• Goal of the exercise
From the material below, reproduce exactly the stretch of lines that begins with the line holding "Macpac Carabiners>Nite Ize" and ends with the line holding "ELECTROLUX-EW8F7417QT 10 kg", skipping the pictures.

• Extracted records
++++++++++++++++++++
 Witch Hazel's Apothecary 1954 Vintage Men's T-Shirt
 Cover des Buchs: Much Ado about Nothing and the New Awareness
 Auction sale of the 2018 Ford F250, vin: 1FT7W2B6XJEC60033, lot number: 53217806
++++++++++++++++++++
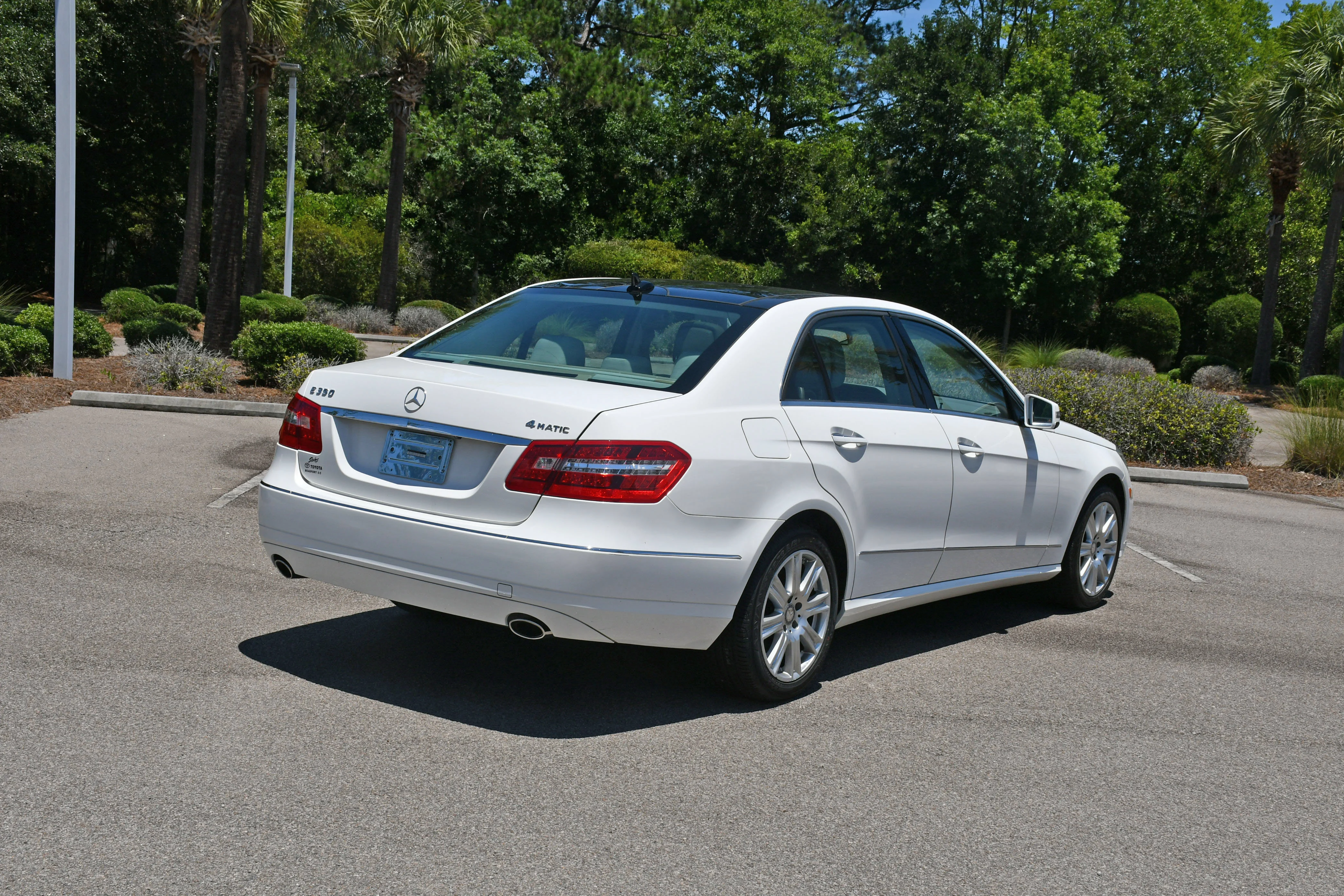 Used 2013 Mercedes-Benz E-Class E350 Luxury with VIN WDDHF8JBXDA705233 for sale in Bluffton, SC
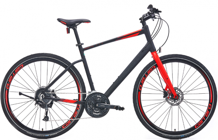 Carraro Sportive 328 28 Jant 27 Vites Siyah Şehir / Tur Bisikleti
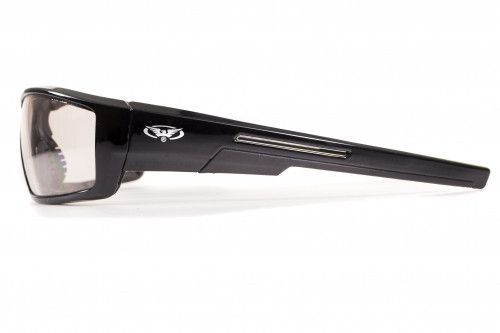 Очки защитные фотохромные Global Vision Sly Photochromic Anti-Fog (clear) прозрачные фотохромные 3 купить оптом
++++++++++++++++++++
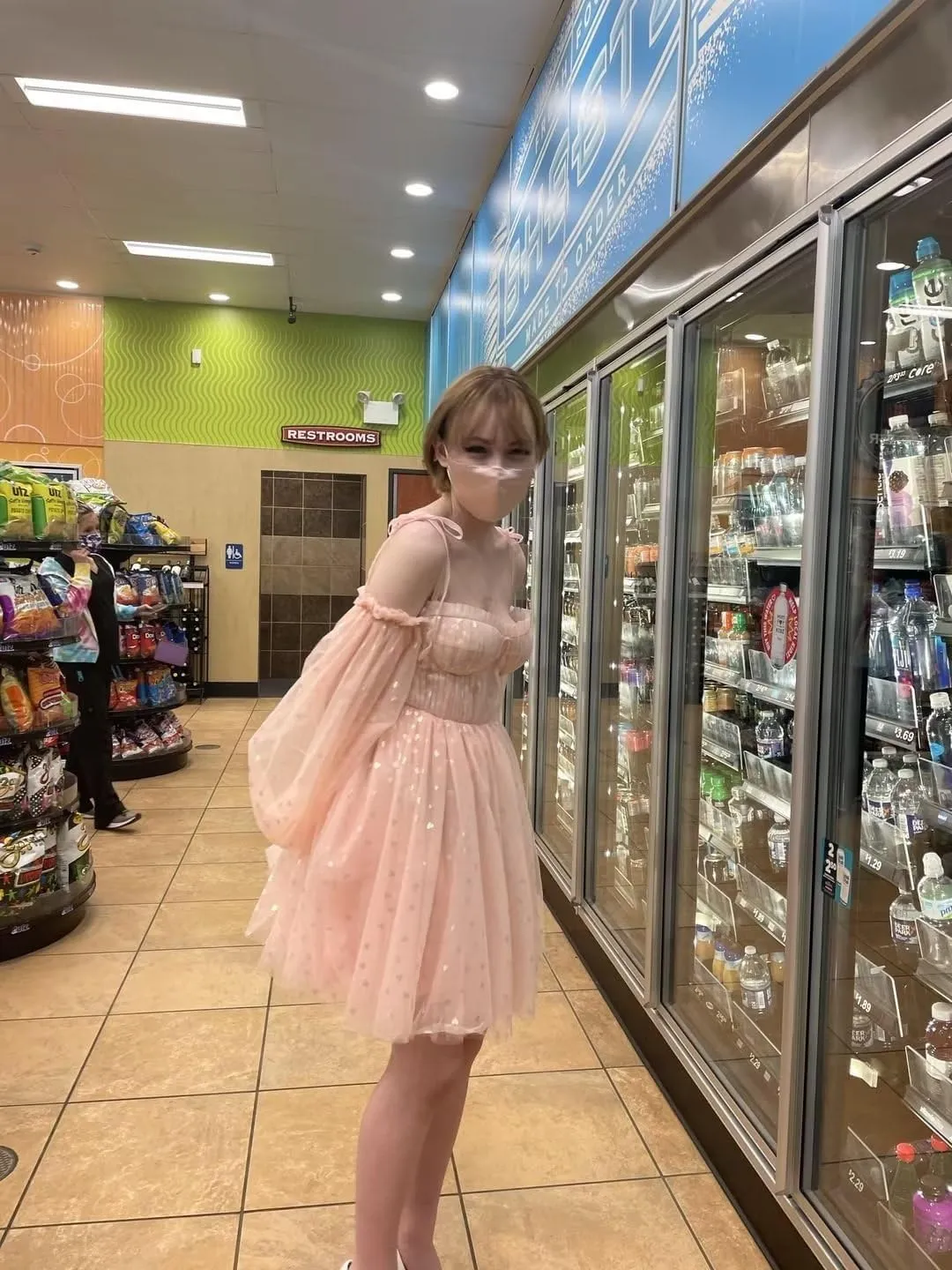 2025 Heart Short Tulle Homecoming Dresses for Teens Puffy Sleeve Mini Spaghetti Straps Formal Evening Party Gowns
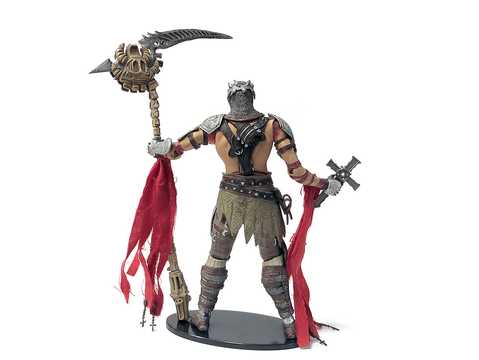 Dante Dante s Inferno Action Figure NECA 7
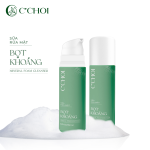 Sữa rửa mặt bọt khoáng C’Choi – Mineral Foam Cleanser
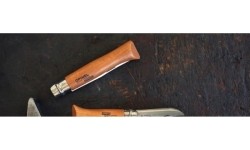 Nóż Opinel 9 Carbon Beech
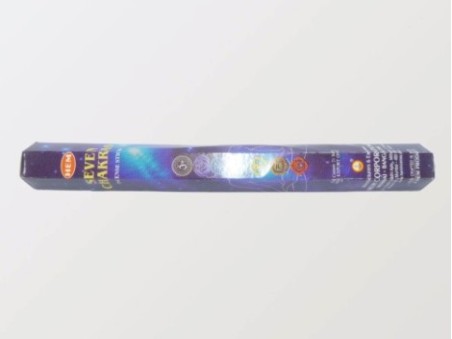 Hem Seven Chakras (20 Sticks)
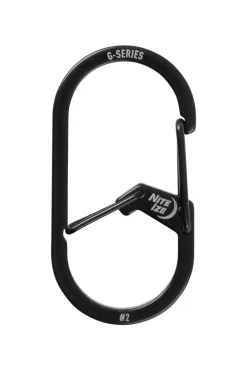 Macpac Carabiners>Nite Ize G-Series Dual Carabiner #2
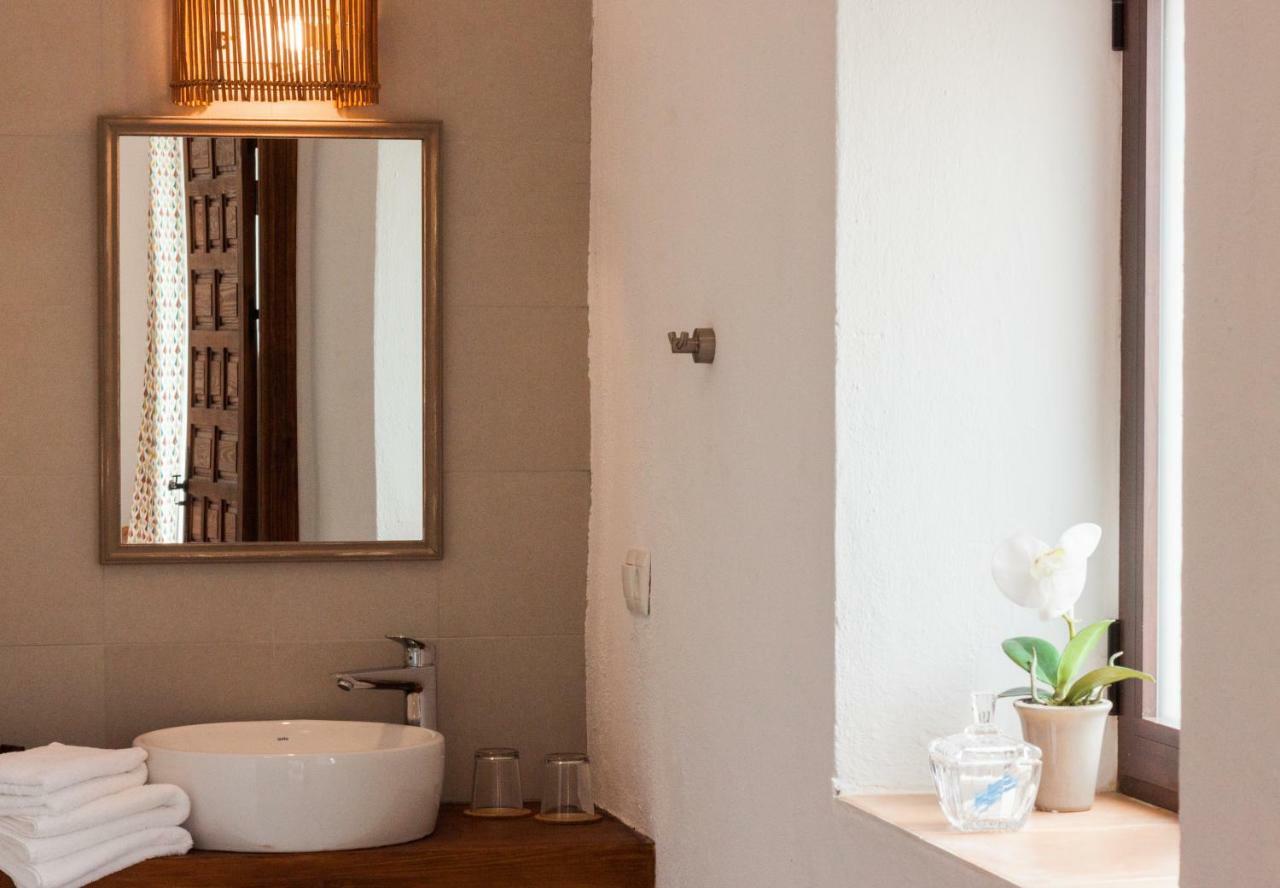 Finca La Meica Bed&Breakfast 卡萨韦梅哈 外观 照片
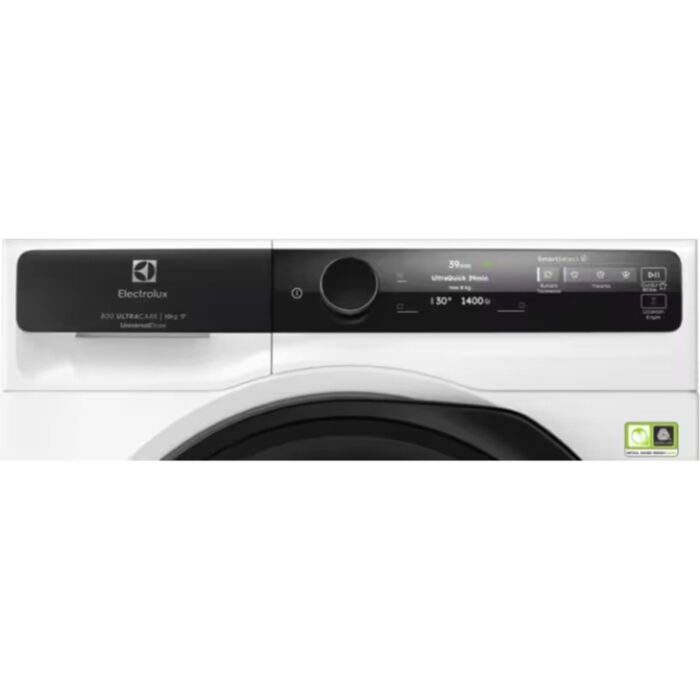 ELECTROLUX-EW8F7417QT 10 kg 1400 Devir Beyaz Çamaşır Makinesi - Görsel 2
++++++++++++++++++++
• Written solution
 Macpac Carabiners>Nite Ize G-Series Dual Carabiner #2
 Finca La Meica Bed&Breakfast 卡萨韦梅哈 外观 照片
 ELECTROLUX-EW8F7417QT 10 kg 1400 Devir Beyaz Çamaşır Makinesi - Görsel 2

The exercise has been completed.